**EXERCISE PROMPT**
Wherever a picture appears, skip it and retype the rest of the data exactly.

**SUPPLIED MATERIAL**
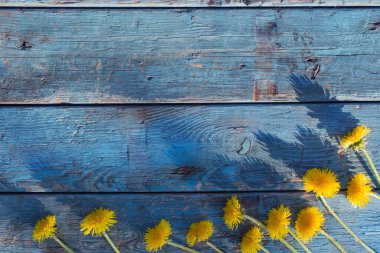 Dandelions eski ahşap zemin üzerine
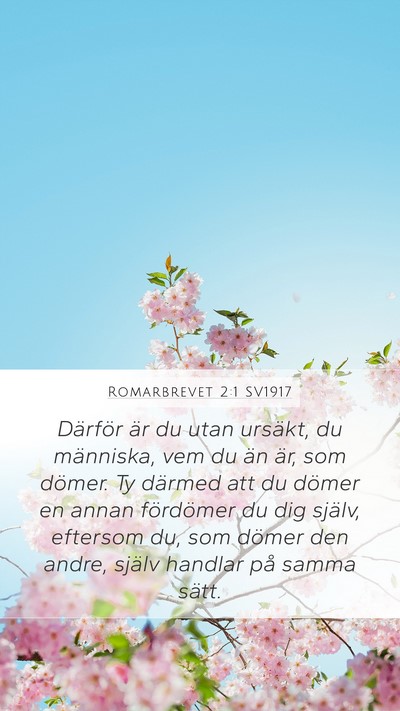 Romarbrevet 2:1 SV1917 Bible Verse Image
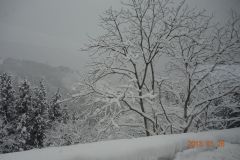2013組合研修旅行富山2日目9-1625637711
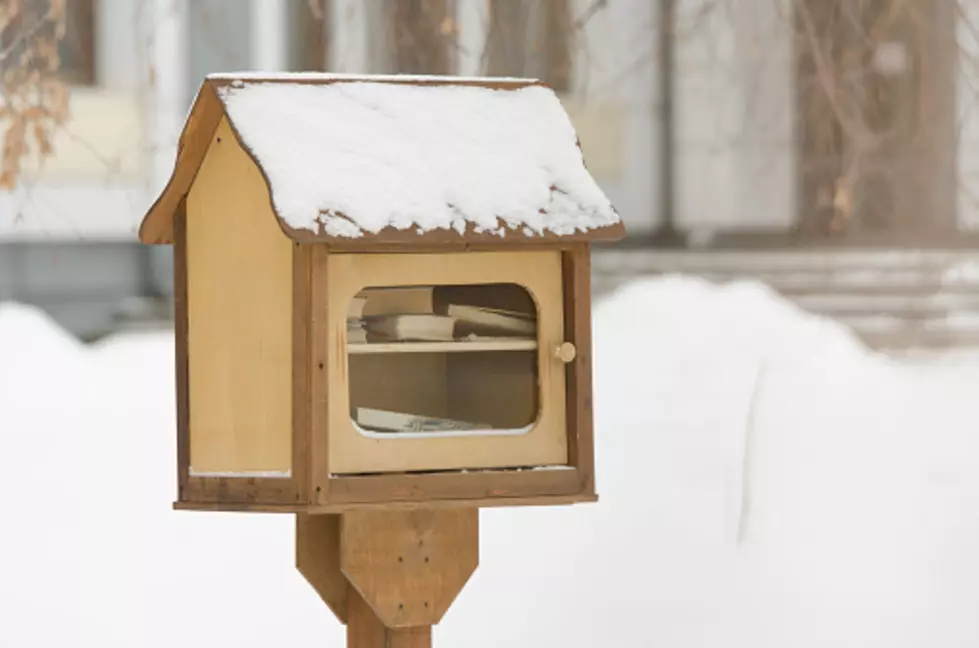 Coolest Little Library Ever! Make Your Own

**RESPONSE FOR THIS EXERCISE**
 Dandelions eski ahşap zemin üzerine
 Romarbrevet 2:1 SV1917 Bible Verse Image
2013組合研修旅行富山2日目9-1625637711
 Coolest Little Library Ever! Make Your Own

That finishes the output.